1X's NEO Robot Learns by Watching Videos, Not Tedious Training

The robotics industry has a dirty little secret: teaching robots to do anything useful is agonizingly slow and colossally expensive. For years, the prevailing wisdom has been to brute-force intelligence with Vision-Language-Action models (VLAs), which demand tens of thousands of hours of humans meticulously puppeteering robots through every conceivable task. It’s a data bottleneck of epic proportions.

Now, robotics firm 1X is proposing a solution that borders on heresy. Their new approach for the NEO humanoid is deceptively simple: stop the painstaking lessons and just let the robot learn by watching the vast, chaotic, and endlessly instructive library of human behavior we call the internet. This isn’t just an upgrade; it’s a fundamental shift in how a robot can acquire skills.

The Data-Hungry Beast of Yesterday

To appreciate the jump 1X is making, you have to understand the status quo. Most modern foundation models for robotics, from Figure’s Helix to Nvidia’s GR00T, are VLAs.

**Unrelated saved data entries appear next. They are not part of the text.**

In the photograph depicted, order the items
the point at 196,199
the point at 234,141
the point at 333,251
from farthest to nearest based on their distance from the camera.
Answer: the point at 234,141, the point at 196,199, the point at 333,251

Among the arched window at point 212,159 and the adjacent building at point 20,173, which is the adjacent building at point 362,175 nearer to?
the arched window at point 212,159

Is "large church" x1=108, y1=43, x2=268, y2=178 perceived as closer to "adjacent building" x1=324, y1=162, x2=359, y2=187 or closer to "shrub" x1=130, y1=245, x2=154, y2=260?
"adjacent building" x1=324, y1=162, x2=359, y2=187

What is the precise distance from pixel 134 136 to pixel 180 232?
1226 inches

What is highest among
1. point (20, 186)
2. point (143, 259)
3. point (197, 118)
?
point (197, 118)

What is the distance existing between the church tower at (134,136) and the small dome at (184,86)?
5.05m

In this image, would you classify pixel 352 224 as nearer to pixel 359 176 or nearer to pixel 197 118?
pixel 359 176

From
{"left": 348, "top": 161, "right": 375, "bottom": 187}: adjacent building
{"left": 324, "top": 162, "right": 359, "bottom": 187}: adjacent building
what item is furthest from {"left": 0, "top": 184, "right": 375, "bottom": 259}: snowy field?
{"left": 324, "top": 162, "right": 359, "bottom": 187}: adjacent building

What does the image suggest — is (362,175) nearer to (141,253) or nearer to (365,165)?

These models are powerful, but they are insatiably hungry for high-quality, robot-specific demonstration data. This means paying people to tele-operate robots for thousands of hours to collect examples of, say, picking up a cup or folding a towel.

This approach is a major impediment to creating truly general-purpose robots. It’s expensive, it doesn’t scale well, and the resulting models can be brittle, failing when faced with an object or environment they haven’t seen before. It’s like trying to teach a child to cook by only letting them watch you in your own kitchen, instead of letting them binge-watch every cooking show ever made.

A screenshot of the webpage for pi*0.6, an example of a Vision-Language-Action model that learns from experience.

Dream a Little Dream of… Doing Chores

The 1X World Model (1XWM) chucks that playbook out the window. Instead of directly mapping language to actions, it uses text-conditioned video generation to figure out what to do. It’s a two-part brain that effectively allows the robot to imagine the future before it acts.

First, there’s the World Model (WM), a 14-billion-parameter generative video model that acts as the system’s imagination. You give NEO a text prompt—“pack this orange into the lunchbox”—and the WM, looking at the current scene, dreams up a short, plausible video of the task being completed.

Then, the Inverse Dynamics Model (IDM), the pragmatist in the machine, analyzes that dream. It translates the generated pixels into a concrete sequence of motor commands, bridging the gap between a visual what and a physical how. This process is grounded through a multi-stage training strategy: the model starts with web-scale video, is mid-trained on 900 hours of egocentric human video to get a first-person perspective, and finally fine-tuned on a mere 70 hours of NEO-specific data to adapt to its own body.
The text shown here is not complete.